### What the task requires
Every line in the listing below from the one with "Building Photo - BEAUTIFUL" through the one with "Gebraucht Opel Astra" is to be reproduced exactly, both ends included; leave out the rest.

### Source information
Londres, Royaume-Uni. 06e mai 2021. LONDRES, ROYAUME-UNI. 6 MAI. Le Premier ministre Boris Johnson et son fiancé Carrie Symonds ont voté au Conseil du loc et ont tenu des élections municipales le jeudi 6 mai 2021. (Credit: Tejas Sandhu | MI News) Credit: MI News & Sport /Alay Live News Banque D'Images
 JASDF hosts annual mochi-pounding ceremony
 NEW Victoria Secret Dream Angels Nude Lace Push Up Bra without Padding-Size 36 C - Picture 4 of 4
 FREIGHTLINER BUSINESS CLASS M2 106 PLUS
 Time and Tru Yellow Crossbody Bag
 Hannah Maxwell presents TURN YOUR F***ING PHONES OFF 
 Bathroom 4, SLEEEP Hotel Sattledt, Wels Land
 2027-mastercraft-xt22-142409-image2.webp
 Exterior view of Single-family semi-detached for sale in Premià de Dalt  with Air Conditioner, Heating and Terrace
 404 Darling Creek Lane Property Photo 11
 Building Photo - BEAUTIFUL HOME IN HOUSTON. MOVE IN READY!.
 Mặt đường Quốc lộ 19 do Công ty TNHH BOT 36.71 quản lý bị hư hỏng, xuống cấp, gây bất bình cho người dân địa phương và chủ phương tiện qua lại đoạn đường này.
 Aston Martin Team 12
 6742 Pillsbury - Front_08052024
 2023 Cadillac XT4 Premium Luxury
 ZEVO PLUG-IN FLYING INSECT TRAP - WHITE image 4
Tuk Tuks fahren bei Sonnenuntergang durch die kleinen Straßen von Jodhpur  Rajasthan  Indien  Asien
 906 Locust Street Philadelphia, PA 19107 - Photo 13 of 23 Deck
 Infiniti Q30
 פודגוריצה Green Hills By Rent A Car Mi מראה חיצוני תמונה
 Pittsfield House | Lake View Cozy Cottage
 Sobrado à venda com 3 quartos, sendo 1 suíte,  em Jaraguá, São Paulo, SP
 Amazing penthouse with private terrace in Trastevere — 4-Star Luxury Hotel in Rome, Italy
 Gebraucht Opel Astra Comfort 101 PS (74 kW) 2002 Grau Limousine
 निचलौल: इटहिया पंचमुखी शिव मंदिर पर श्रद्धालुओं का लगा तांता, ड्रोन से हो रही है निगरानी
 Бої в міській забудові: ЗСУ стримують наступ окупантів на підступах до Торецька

### Problem solution
 Building Photo - BEAUTIFUL HOME IN HOUSTON. MOVE IN READY!.
 Mặt đường Quốc lộ 19 do Công ty TNHH BOT 36.71 quản lý bị hư hỏng, xuống cấp, gây bất bình cho người dân địa phương và chủ phương tiện qua lại đoạn đường này.
 Aston Martin Team 12
 6742 Pillsbury - Front_08052024
 2023 Cadillac XT4 Premium Luxury
 ZEVO PLUG-IN FLYING INSECT TRAP - WHITE image 4
Tuk Tuks fahren bei Sonnenuntergang durch die kleinen Straßen von Jodhpur  Rajasthan  Indien  Asien
 906 Locust Street Philadelphia, PA 19107 - Photo 13 of 23 Deck
 Infiniti Q30
 פודגוריצה Green Hills By Rent A Car Mi מראה חיצוני תמונה
 Pittsfield House | Lake View Cozy Cottage
 Sobrado à venda com 3 quartos, sendo 1 suíte,  em Jaraguá, São Paulo, SP
 Amazing penthouse with private terrace in Trastevere — 4-Star Luxury Hotel in Rome, Italy
 Gebraucht Opel Astra Comfort 101 PS (74 kW) 2002 Grau Limousine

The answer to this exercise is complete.